Strings can also be sorted in the same way. The result is always going to be a new list.

In [66]:
phrase = 'Red Code 1'
sorted(phrase)
Out[66]:
[' ', ' ', '1', 'C', 'R', 'd', 'd', 'e', 'e', 'o']

Question: Why do we see a space as the first element in the sorted list?

Recall. How does this comparison of string values work? Because the computer doesn't know anything about letters, it converts everything into numbers. Each character has a numerical code that is summarized in this http://www.asciitable.com/.

We can also look up the ASCII code via the Python built-in function ord:

In [67]:
ord(' ')
Out[67]:
32
In [68]:
ord('A')
Out[68]:
65

ASCII value to char: You can also use the chr function to find out which character is given a particular ASCII value.

In [69]:
chr(55)
Out[69]:
'7'
In [70]:
chr(100)
Out[70]:
'd'

Format printing. To print the ascii code for every character in a for, we use the format string method below.

  • s.format(*args) method: *args means: zero or more arguments: format method takes zero or more arguments
In [71]:
for item in sorted(phrase):
    print("'{}' has ASCII code {}".format(item, ord(item)))  # format printing
' ' has ASCII code 32
' ' has ASCII code 32
'1' has ASCII code 49
'C' has ASCII code 67
'R' has ASCII code 82
'd' has ASCII code 100
'd' has ASCII code 100
'e' has ASCII code 101
'e' has ASCII code 101
'o' has ASCII code 111

Just as in the case of the list numbers in the above example, the string value of phrase hasn't changed:

In [72]:
phrase
Out[72]:
'Red Code 1'

Getting a sorted string. When we use the sorted method, it sorts the string but returns a list. How do we turn the sorted list back to a string to get a sorted string?

In [73]:
sortedPhraseList = sorted(phrase)
In [74]:
sortedPhraseList
Out[74]:
[' ', ' ', '1', 'C', 'R', 'd', 'd', 'e', 'e', 'o']
In [75]:
''.join(sortedPhraseList)
Out[75]:
'  1CRddeeo'

Question.
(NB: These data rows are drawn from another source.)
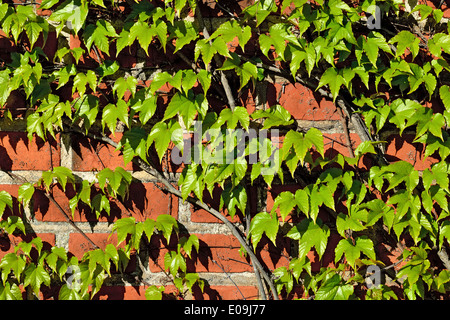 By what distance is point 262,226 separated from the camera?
143 cm

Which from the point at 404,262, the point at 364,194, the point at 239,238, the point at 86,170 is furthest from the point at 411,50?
the point at 86,170

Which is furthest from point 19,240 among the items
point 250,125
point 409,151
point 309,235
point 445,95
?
point 445,95

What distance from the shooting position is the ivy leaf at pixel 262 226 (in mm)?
1420

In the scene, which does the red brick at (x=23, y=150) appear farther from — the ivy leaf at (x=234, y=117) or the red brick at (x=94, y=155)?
the ivy leaf at (x=234, y=117)

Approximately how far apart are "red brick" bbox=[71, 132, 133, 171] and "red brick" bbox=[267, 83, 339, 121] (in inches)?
21.4

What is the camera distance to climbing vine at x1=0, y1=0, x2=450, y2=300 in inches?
55.2

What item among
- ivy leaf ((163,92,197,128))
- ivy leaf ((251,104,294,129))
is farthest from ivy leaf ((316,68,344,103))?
ivy leaf ((163,92,197,128))

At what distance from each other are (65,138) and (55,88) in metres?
0.17

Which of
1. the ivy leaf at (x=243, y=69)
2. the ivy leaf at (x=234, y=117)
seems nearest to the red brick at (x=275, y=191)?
the ivy leaf at (x=234, y=117)

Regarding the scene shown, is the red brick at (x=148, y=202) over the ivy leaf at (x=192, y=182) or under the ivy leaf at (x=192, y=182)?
under

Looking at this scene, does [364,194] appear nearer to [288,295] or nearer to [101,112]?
[288,295]

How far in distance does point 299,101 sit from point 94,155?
2.35ft

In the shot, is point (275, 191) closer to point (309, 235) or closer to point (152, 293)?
point (309, 235)

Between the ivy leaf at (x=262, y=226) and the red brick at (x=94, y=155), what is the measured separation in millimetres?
462
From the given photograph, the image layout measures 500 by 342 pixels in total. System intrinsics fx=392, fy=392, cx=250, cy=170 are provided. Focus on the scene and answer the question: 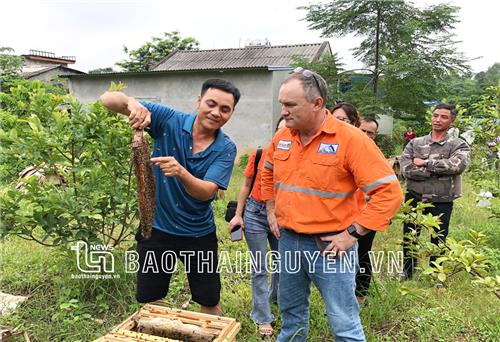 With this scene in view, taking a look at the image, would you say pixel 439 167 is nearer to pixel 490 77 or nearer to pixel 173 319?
pixel 173 319

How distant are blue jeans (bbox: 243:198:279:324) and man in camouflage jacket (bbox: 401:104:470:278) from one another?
158 cm

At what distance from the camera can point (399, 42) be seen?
33.4 feet

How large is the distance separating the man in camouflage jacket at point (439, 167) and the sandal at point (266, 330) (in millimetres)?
1604

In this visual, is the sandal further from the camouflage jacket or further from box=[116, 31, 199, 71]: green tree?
box=[116, 31, 199, 71]: green tree

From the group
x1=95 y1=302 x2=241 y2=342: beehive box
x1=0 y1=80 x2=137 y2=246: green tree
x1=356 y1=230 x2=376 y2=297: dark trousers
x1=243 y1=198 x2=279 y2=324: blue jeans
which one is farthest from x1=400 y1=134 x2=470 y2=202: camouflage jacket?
x1=0 y1=80 x2=137 y2=246: green tree

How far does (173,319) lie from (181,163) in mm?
963

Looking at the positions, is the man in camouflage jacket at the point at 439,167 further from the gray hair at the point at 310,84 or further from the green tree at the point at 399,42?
the green tree at the point at 399,42

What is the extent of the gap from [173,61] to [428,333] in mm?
16643

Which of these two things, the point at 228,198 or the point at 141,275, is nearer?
the point at 141,275

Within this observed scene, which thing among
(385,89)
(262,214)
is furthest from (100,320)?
(385,89)

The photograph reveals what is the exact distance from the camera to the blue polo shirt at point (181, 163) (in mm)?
2547

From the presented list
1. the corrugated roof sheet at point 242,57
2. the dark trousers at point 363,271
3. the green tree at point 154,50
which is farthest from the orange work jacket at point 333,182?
the green tree at point 154,50

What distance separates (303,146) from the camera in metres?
2.28

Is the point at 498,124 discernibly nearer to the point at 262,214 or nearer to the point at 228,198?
the point at 262,214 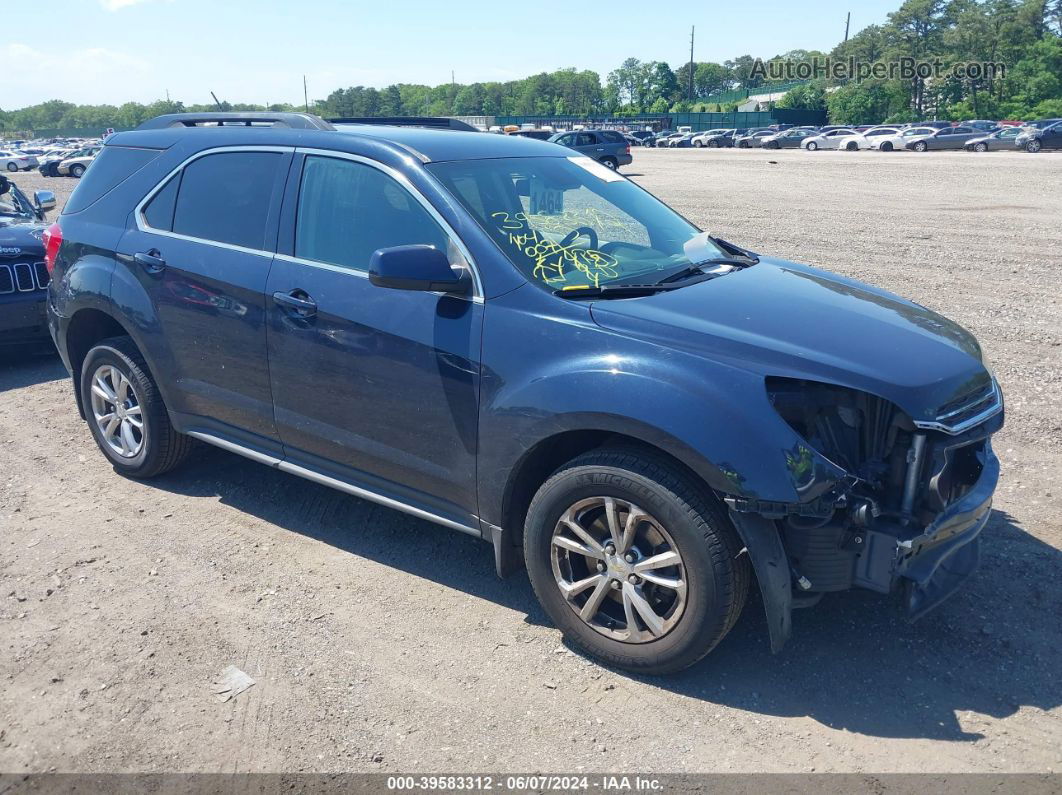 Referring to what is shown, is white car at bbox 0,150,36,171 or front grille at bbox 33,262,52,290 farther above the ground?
white car at bbox 0,150,36,171

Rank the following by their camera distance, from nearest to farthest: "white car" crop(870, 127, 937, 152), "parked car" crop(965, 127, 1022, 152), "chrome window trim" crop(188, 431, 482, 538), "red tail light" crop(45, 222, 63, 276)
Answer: "chrome window trim" crop(188, 431, 482, 538) < "red tail light" crop(45, 222, 63, 276) < "parked car" crop(965, 127, 1022, 152) < "white car" crop(870, 127, 937, 152)

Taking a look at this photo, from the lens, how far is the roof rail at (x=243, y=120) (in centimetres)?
454

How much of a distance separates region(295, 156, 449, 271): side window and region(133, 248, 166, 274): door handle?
0.96 meters

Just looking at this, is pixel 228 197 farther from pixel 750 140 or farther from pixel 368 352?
pixel 750 140

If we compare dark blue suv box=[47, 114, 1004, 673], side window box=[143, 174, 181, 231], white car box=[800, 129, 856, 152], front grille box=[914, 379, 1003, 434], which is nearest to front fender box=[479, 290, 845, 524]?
dark blue suv box=[47, 114, 1004, 673]

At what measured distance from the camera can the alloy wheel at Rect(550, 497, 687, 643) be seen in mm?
3248

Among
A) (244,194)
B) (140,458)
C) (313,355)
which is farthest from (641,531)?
(140,458)

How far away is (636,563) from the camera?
10.8 feet

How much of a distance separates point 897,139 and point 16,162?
47.7 meters

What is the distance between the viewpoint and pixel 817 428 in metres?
3.18

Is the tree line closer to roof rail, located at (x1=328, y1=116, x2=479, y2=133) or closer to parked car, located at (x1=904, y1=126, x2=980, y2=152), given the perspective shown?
parked car, located at (x1=904, y1=126, x2=980, y2=152)

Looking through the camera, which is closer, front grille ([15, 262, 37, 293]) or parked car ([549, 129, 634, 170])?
front grille ([15, 262, 37, 293])

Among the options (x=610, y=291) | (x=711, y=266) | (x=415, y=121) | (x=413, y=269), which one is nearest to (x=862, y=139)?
(x=415, y=121)

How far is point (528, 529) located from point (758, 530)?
936mm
What if we wanted to remove the spaces from the sorted string?

In [76]:
''.join(sortedPhraseList).strip()  # use the strip method!
Out[76]:
'1CRddeeo'

Sorting a list of sequences

We can sort list of sequences such as list of strings and list of lists.

In [77]:
# a long string that we will split into a list of words
phrase = "99 red balloons *floating* in the Summer sky" 
words = phrase.split()
words
Out[77]:
['99', 'red', 'balloons', '*floating*', 'in', 'the', 'Summer', 'sky']
In [78]:
sorted(words)
Out[78]:
['*floating*', '99', 'Summer', 'balloons', 'in', 'red', 'sky', 'the']

Question: Can you explain the results of sorting here? What rules are in place?

In [79]:
sorted(words, reverse=True)
Out[79]:
['the', 'sky', 'red', 'in', 'balloons', 'Summer', '99', '*floating*']
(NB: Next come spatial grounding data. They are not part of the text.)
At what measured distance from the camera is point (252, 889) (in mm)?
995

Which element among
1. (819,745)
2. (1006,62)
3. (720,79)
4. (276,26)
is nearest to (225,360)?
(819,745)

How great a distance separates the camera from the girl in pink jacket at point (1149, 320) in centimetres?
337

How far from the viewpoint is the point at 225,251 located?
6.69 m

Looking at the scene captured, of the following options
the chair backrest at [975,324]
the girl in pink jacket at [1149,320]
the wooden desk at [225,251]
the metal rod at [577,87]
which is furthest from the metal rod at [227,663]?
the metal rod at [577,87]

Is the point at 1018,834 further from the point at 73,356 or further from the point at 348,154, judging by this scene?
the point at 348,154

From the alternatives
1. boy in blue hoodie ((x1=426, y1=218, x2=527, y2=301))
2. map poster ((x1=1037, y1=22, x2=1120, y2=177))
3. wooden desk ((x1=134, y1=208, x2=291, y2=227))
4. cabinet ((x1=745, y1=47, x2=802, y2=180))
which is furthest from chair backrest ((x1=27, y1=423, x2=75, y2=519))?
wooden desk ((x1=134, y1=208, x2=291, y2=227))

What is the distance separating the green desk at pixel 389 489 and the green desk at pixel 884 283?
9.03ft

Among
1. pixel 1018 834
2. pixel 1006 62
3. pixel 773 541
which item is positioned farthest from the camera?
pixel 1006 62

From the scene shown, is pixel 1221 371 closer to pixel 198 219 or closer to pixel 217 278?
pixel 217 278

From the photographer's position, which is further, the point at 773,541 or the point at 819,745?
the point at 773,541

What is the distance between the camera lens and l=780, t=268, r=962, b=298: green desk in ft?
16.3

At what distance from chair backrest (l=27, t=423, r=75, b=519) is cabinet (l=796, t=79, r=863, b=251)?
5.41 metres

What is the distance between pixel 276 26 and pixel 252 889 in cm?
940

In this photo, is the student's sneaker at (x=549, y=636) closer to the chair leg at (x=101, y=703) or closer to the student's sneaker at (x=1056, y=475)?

Remember, the original list is unchanged:

In [80]:
words
Out[80]:
['99', 'red', 'balloons', '*floating*', 'in', 'the', 'Summer', 'sky']

Sorting lists in place

Python list objects have their methods to sort a list in place (i.e., by mutating the existing list, not returning a new list):

In [81]:
numbers = [35, -2, 17, -9, 0, 12, 19]
In [82]:
numbers.sort()

Notice that nothing was returned and numbers list has now changed.

In [83]:
numbers
Out[83]:
[-9, -2, 0, 12, 17, 19, 35]

Formatting Strings and Format Printing

We can also print elements of a list using format printing.

  • Given list, myList, then *myList means put the elements of myList in as arguments
  • For every pair of braces ({}), format consumes one argument.
  • The argument is converted to a string (with str) and catenated with the remaining parts of the format string.
  • If, in the braces, we include a position, that indicates which argument you wish to use
In [84]:
"Hello, you {} world{}".format("silly",'!')  # creates a new string
Out[84]:
'Hello, you silly world!'
In [85]:
print("Hello, {}.".format("you silly world!"))
Hello, you silly world!.
In [86]:
 myList = ['you', 'silly', 'world!']
In [87]:
print(*myList)  # note the resulting spaces
you silly world!
In [88]:
print('Hello, {} {} {}'.format(*myList))
Hello, you silly world!
In [89]:
print("Hello, {1} {2} {0}".format('you','silly','world!'))  
# notice the indices in {}
Hello, silly world! you

Summary. Format printing allows us a lot of flexibility in printing and works well with lists as well.